The Coast Path follows Marsh Road through the town, continuing ahead when Marsh Road becomes Solent View Road and starts to climb. At the top of Solent View Road, the route turns left, following Worsley Road, then just after the road bends right, a Coastal Path signpost points left on an alleyway signed as Winding Way. The alley emerges onto Shore Road, which continues to descend to the beach next to the Gurnard Sailing Club, where four small craft were being dragged up onto the shingle (picture 23).
From here the Coast Path heads along the sea wall past a row of beach huts to join Princes Esplanade (picture 24), where a plaque commemorates its opening by the then Prince of Wales on 22nd July 1926.
After about a kilometre, the Princes Esplanade rounds Egypt Point, where a beacon stands on the sea wall and a rather expensive looking yacht was moored beyond the point in a stretch of water known as Cowes Roads (picture 25).

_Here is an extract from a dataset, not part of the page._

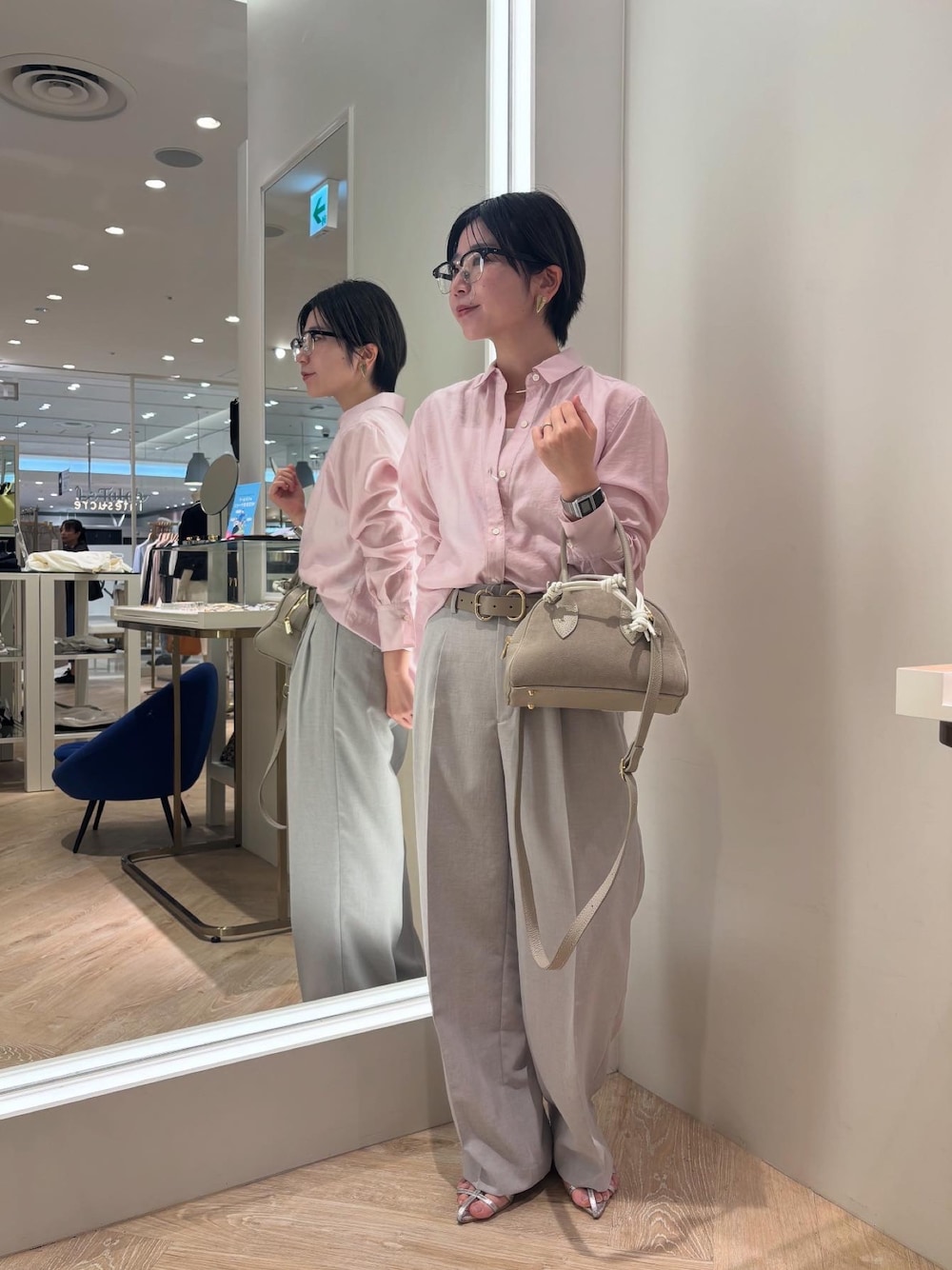 「ショルダーバッグ、ワイドパンツ、シャツスタイル、ピンクシャツ、淡色コーデ、シンプルコーデ、夏ファッション、お洒落さんとつながりたい、大人女子、最近のいい感じコーデ、オトナカワイイ、キレイめ、メガネ女子、シアーシャツ」｜「LEFIJEの【LEFIJE/レフィエ】別注ダブルバックルベルト（ベルト、ベージュ系）」を使った、taki chanさん（骨格ストレート・レディース・155cm）の春コーディネートの1枚目の写真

Beyond Egypt Point, the esplanade changes name to Egypt Esplanade and soon passes the first houses of West Cowes, before changing its name again to Queens Road about 500 metres later.
Cowes is a town that is famous for its sailing associations, particularly yacht racing, and is the home of the Royal Yacht Squadron which was formed in 1815.
When Queens Road bears away from the beach, the Coast Path leaves it, instead continuing along the beachside promenade, around the clubhouse of the Royal Yacht Squadron and into the mouth of the River Medina, which flows down from the town of Newport in the centre of the island.
The path then follows The Parade along the edge of the river, passing The Globe before turning right along Watchhouse Lane and then left on the High Street. The High Street is then followed through the town's main shopping district, passing several pubs along the way, including the Union Inn, the Pier View and The Anchor Inn, before the High Street briefly becomes Birmingham Road, ending in front of the Duke of York pub (picture 27).
From there, the Coast Path follows Medina Road to the left and down to the Cowes Floating Bridge (picture 28), a chain ferry that provides a road link across the River Medina to the town of East Cowes.
Alighting from the ferry after a very short journey, I continued ahead on Ferry Road for about 100 metres before bearing right onto York Avenue, which soon passes the Town Hall of East Cowes (picture 29). Further on, as the road climbs away from the river, it passes by the large Jubilee Recreation Ground and a little later, at the junction with New Barn Road, I passed by a rather unusual monument to the Isle of Wight's first recorded traffic offence (picture 30).
The plaque tells the story of a Mr Henry House, who was fined three pounds and eleven shillings in January 1899 for driving his motor vehicle along York Avenue at the terrifying speed of 18 miles per hour.
Visible to the left, a short way along New Barn Road, are the grand gates of Osborne House (picture 31), a favourite retreat of Queen Victoria in the latter half of the 19th century. The house itself is set in a large estate and is not visible from the road. It is now owned by English Heritage and is open to the public for those so inclined.
The Coast Path continues along York Avenue and after about 500 metres the road kinks left then right before passing the Prince of Wales pub (picture 32), where I had planned to finish the day's walk. To my dismay, I found the pub closed with "To Let" signs up in the windows, so I would have to wait a bit longer for dinner.
As it was getting close to sunset, I decided to finish the walk here anyway, with my GPS showing 29.6 kilometres of the path completed since Yarmouth. From the bus stop right across the road from the pub it was a fairly quick journey back to my B&B in Ryde.